A Review of the Best News of the Week on Cloud Security, DevOps, AppSec
Twitter turns off SMS-based tweeting in most countries (Sophos, Apr 29 2020)
Buh-bye, original way of tweeting. Twitter said it’s to keep our accounts safe, referring to unspecified SMS-enabled vulnerabilities.
IAM Access Analyzer flags unintended access to S3 buckets shared through access points (AWS Security Blog, Apr 27 2020)
To help you identify buckets that can be accessed publicly or from other AWS accounts or organizations, AWS Identity and Access Management (IAM) Access Analyzer mathematically analyzes resource policies. Now, Access Analyzer analyzes access point policies in addition to bucket policies and bucket ACLs. This helps you find unintended access to S3 buckets that use access points.
Improving your security posture with centralized secrets management (Google Cloud Blog, Apr 28 2020)
One of the biggest advantages of a centralized secrets management solution is mitigating secret sprawl. Without a centralized solution, secrets–like API keys, certificates, and database passwords–often end up committed to a source repository, saved on a corporate wiki page, or even written on a piece of paper. When secrets are sprawled like this, you lose the ability to easily audit and control access to their values, allowing an attacker to move undetected throughout a system, as has happened in several recent data breaches.
Filter Out the Noise
Since I started this curated newsletter in June 2017, I’ve clipped ~14,000 articles and narrowed them down into the best 20 per day & best 15 per week. This is my favorite way to cut through all the security marketing and hype. If you’re enjoying it, tell a friend. If you hate it, tell an enemy.
Thanks! – Lucas Samaras
Learning From the Honeypot: A Researcher and a Duplicitous Docker Image (Dark Reading, Apr 22 2020)
When Larry Cashdollar set up a honeypot in a Docker image, he found behavior that was more enlightening than he had imagined.
New Startup Accurics Tackles Cloud Infrastructure Security (Dark Reading, Apr 28 2020)
Accurics offers a free product to prevent “drift” between infrastructure defined through code and infrastructure running in the cloud.
Cloud Services Are the New Critical Infrastructure. Can We Rely on Them? (Dark Reading, Apr 27 2020)
If cloud services vendors successfully asked themselves these three questions, we’d all be better off.

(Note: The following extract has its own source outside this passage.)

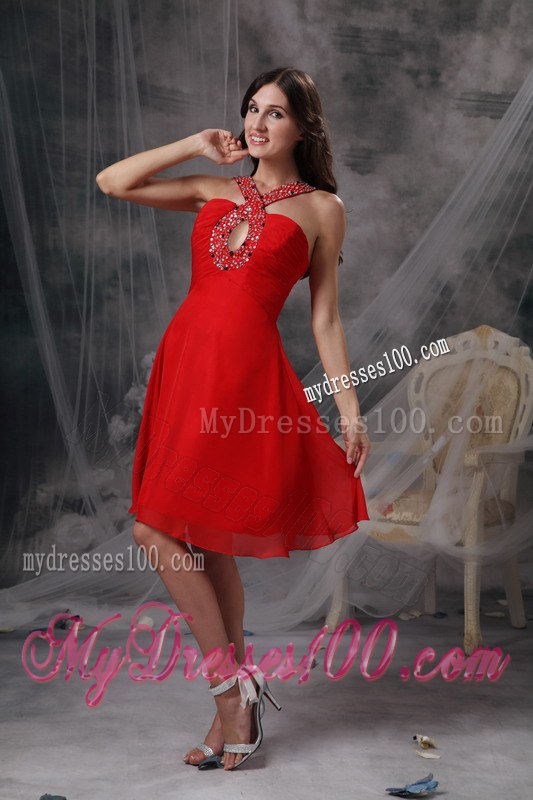 Modern Red Empire V-neck Short Cocktail Dress Beading Knee-length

Rapid7 Buys into CSPM with DivvyCloud Purchase (Infosecurity Magazine, Apr 28 2020)
Boston-based firm will pay $145m to tackle cloud misconfiguration
Use AWS Firewall Manager and VPC security groups to protect your applications hosted on EC2 instances (AWS Security Blog, Apr 24 2020)
You can use AWS Firewall Manager to centrally configure and manage Amazon Virtual Private Cloud (Amazon VPC) security groups across all your AWS accounts. This post will take you through the step-by-step instructions to apply common security group rules, audit your security groups, and detect unused and redundant rules in your security groups across your AWS environment.

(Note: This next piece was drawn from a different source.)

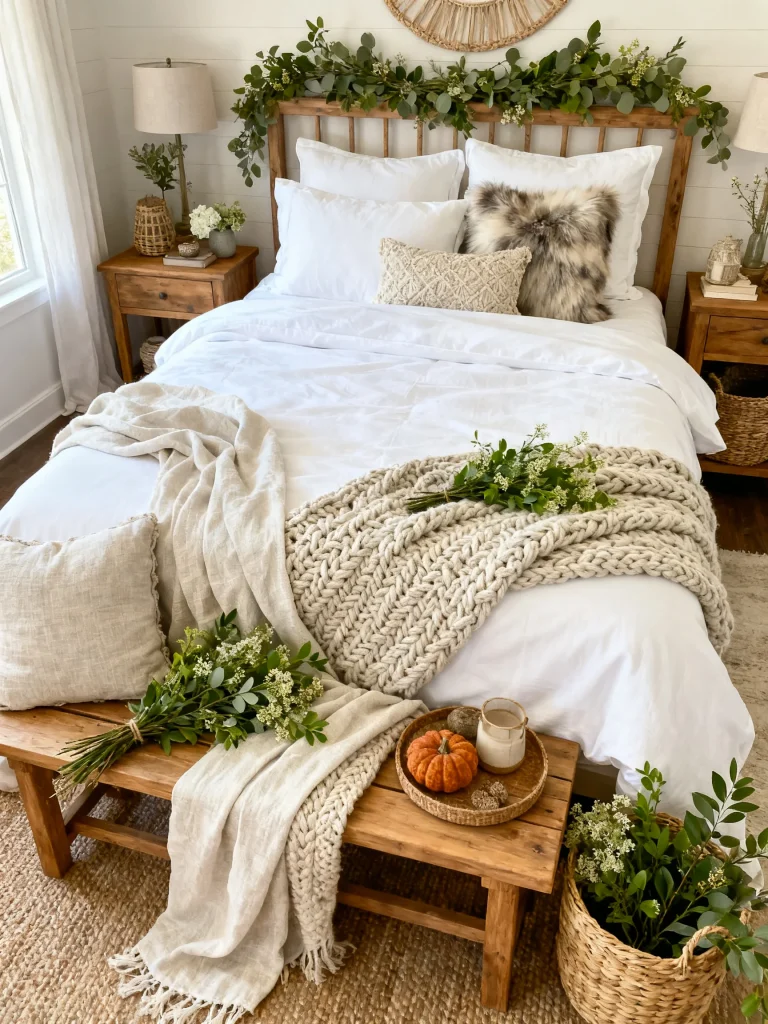 White bedding styled for the season with chunky knit blankets, natural greenery garlands, rustic wood furniture, woven baskets, and cozy autumn-inspired accents.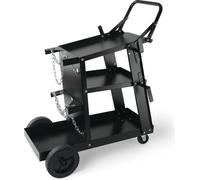 Chariot de soudage 3 plateaux Soudage mobile Max. 168-181kg Chariot pour appareils de soudage avec 2 supports pour bouteilles de gaz Idéal pour le soudage manuel Soudage à l'arc sous gaz protecteur So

Threat Stack Report Highlights Common Kubernetes Security Issues (Container Journal, Apr 27 2020)
A security report for the first quarter of 2020 published by Threat Stack, a provider of tools for ensuring security and compliance in the cloud, details some of the most common security issues organizations are encountering when they deploy Kubernetes on the Amazon Web Services (AWS) public cloud.
Accelerating Cybersecurity Maturity Model Certification (CMMC) compliance on Azure (Microsoft Azure Blog, Apr 28 2020)
Expanding compliance coverage to meet CMMC requirements, announcing a new CMMC acceleration program for DIB companies serving the DoD.
Researcher Earns $20,000 From GitLab for Critical Vulnerability (SecurityWeek, Apr 29 2020)
A researcher has earned $20,000 from GitLab after reporting a critical vulnerability that could have been exploited to obtain sensitive information from a server and to execute arbitrary code.
Security, simplified: Making Shielded VM the default for Compute Engine (Google Cloud Blog, Apr 27 2020)
“Last April we announced the general availability of Shielded VM—virtual machine instances that are hardened with a set of easily configurable security features to ensure that when your VM boots, it’s running a verified bootloader and kernel. To make it accessible to everyone, we offered Shielded VM at no additional charge.”
Secure the software development lifecycle with machine learning (Microsoft, Apr 16 2020)
A collaboration between data science and security produced a machine learning model that accurately identifies and classifies security bugs based solely on report names.